In the material below, find the line containing "Σετ Ξύλινα Παιχνίδια" and output it and all lines after it exactly, through the last one, without the pictures.

Data:
=-=-=
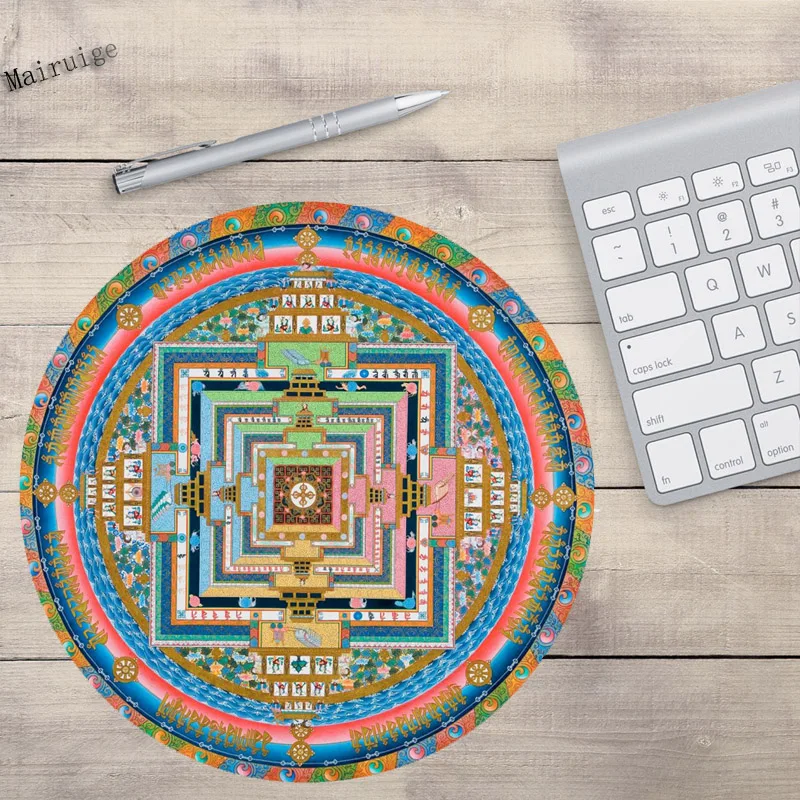 Mairuige Mouse Pad With Mandala Pattern Circular Pc Setup Accessories Mousepad With Rubber 20cm by Mouse Pads Office Rug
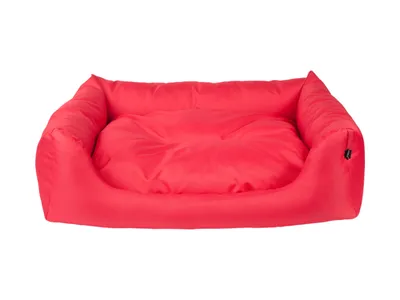 Immagine prodotto di Letto per cani BASIK SOFA rosso taglia S, M, L, XL, XXL Taglia: M - 68x56x18 cm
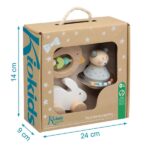 Σετ Ξύλινα Παιχνίδια "My first toys" Ζωάκια 3τμχ. - Image 2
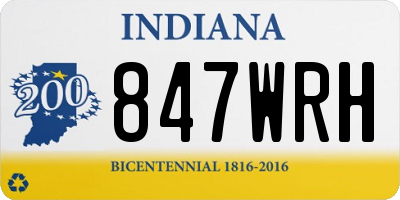 IN license plate 847WRH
=-=-=
Your solution:
 Σετ Ξύλινα Παιχνίδια "My first toys" Ζωάκια 3τμχ. - Image 2
 IN license plate 847WRH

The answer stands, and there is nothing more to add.